Title: "Fatwood" Fire Starters--what kinda wood are they?
Post by: Paschale on November 29, 2005, 11:51:15 PM
This is the second year that I've used "Fatwood" Fire Starters from Menard's.  They work great, but I'm really curious what kind of wood they are.  They state on the package that it's a naturally highly resinous tree.  It seems to me it has to be some sort of an exotic/tropical tree, because I can't think of a tree in North America that is anything like this (of course I don't know much!).  Anybody know what species these puppies are made from?  I'd hate to see a forest fire of those!  Part of me wonders if they soak them in something before packaging, but they state that it's 100% natural.  I guess if you soaked them in lard, that'd be 100% natural too, and they'd light up real nice.  ;)

Does someone know what that wood is most likely to be?
Title: Re: "Fatwood" Fire Starters--what kinda wood are they?
Post by: Radar67 on November 29, 2005, 11:55:04 PM
Down South, we call it fat lighter. It is basically a pine stump. The resins rise and set in the wood during the decay process. Not all pines produce lighter.

Help me out guys, I know what it is, but not all the fine details.
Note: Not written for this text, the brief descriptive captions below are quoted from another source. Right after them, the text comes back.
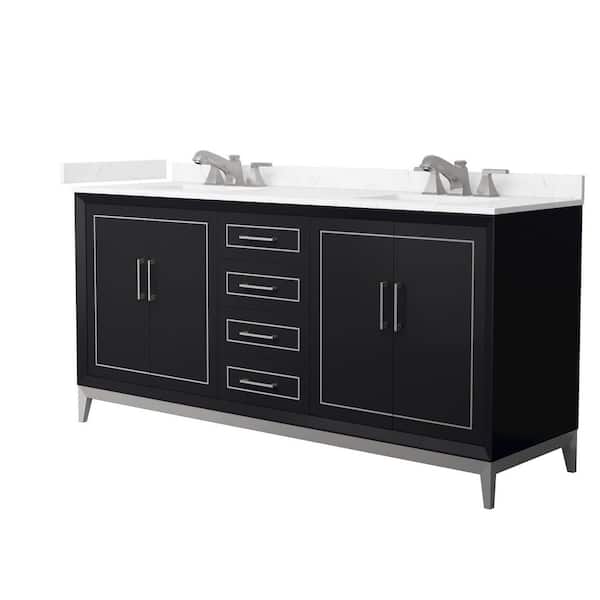 Marlena 72 in. Double Freestanding Black Bath Vanity with Carrara Cultured Marble Top Assembled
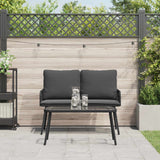 Garden Dining Set with Cushion 2 pcs Black Poly Rattan - Top-Down View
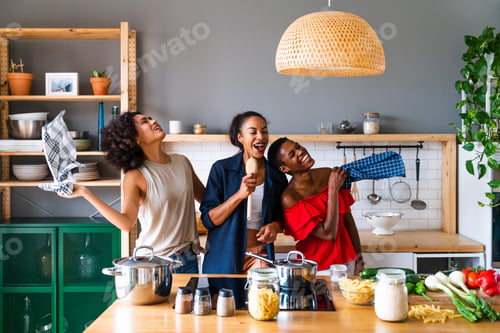 Preview: Three mixed race hispanic and black women bonding at home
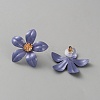 Iron & Alloy Enamel Flower Stud Earrings EJEW-WH0033-57D-2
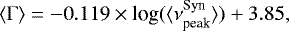 \begin{equation*} \langle \mathrm{\Gamma} \rangle=-0.119 \times {\textrm{log}}( \langle \nu_{\textrm{peak}}^{\textrm{Syn}} \rangle )&#x002B;3.85,\end{equation*}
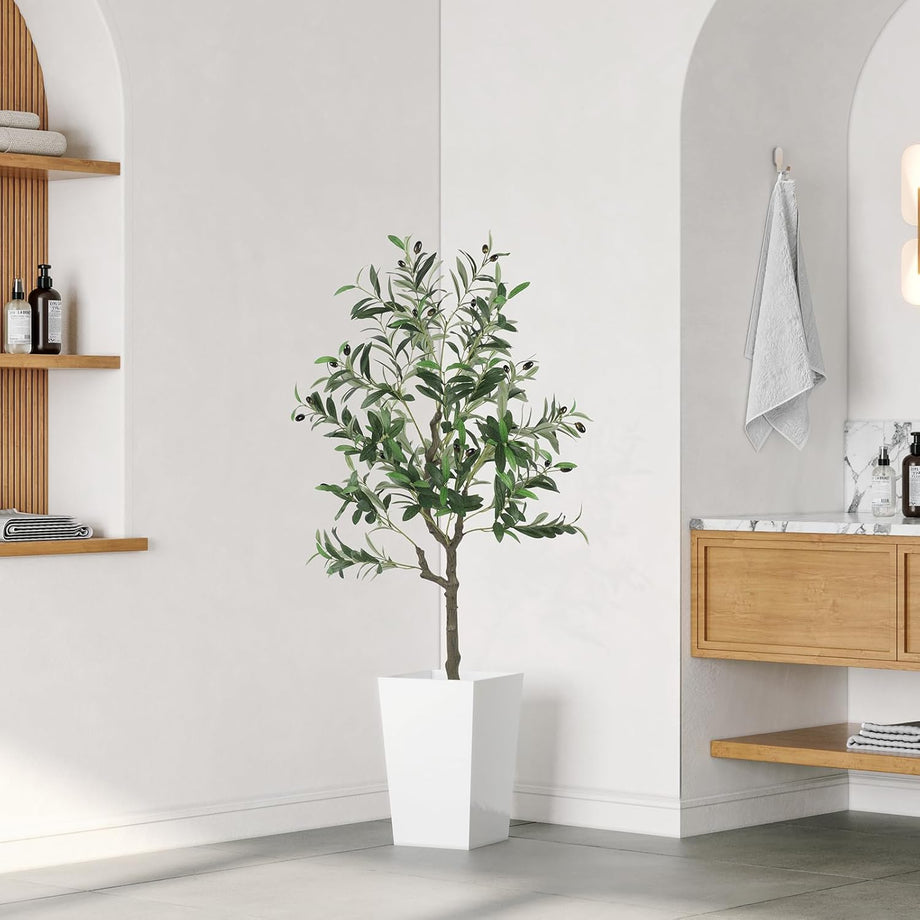 YOLEO 4FT/5FT/6FT/7FT Artificial Olive Tree Tall Faux Silk Olive Plant with Lifelike Olive Leaves Fake Olive Tree for Home Office Indoor Decor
I hope this is close.

Stew
Title: Re: "Fatwood" Fire Starters--what kinda wood are they?
Post by: woodbowl on November 30, 2005, 01:04:45 AM
Your right Stew ................ fat lighter, fat lighterd, lighter knot.  There is a little bit up north in injured pine trees. I've heard northerners call it pitch wood.
Title: Re: "Fatwood" Fire Starters--what kinda wood are they?
Post by: Paul_H on November 30, 2005, 01:23:09 AM
We get pitchy Douglas fir that we use,same as fat lighter but we call it nookie wood.
It's really common in an old wind shook tree.
Title: Re: "Fatwood" Fire Starters--what kinda wood are they?
Post by: Don K on November 30, 2005, 03:05:30 AM
Most of the fat lighter found down in the south comes from old growth longleaf pines. These trees grew very slow therefore having a tight ring pattern. Extremely heavy dense logs with a large amount of resin in the tree. These trees would be slashed and the resin collected to make turpentine.
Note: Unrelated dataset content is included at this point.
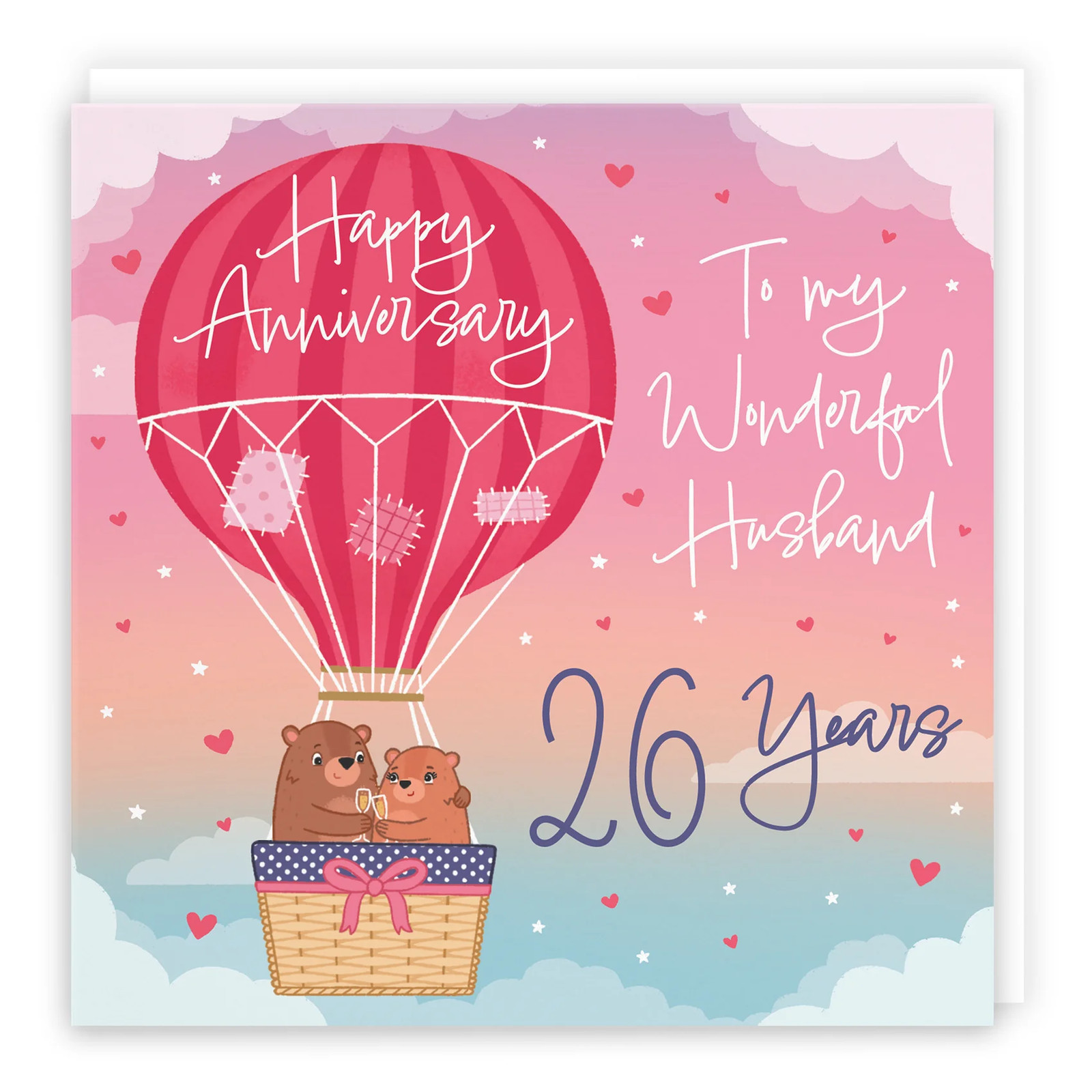 26th Husband Hot Air Balloon Anniversary Card Cute Bears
In the area of Alabama where I live a generations owned timber company bought up large amounts of land in 3 or 4 counties in the late 1800's and early 1900's. They started extensively cutting these old growth trees for lumber and from what I've been told alot was shipped up north for building materials. They finished cutting all the mature timber in the 1930's and then the mill burnt down. Huummmnnn? Lot of speculation there in local folklore. Anyway they are still in business producing SYP lumber and also plywood.  I sawed a couple of pines for flooring on a shed I'm building that were victims of Hurricane Ivan last year and they had alot of litered wood in them. Very heavy and hard to plane due to amount of resin. Makes beautiful floors though. My father was looking at it and we were talking about the density of this tree, between 80 to 100 rings on a 22" sixteen foot log, and he mentioned that he had spoken with a forester from this company and he told my father that in ten years they will have harvested all their mature second growth trees. They are now doing a lot of thinning on pine plantations. I'm afraid one day all you will be able to buy are plastic 2 X 4's or ones made from sawdust.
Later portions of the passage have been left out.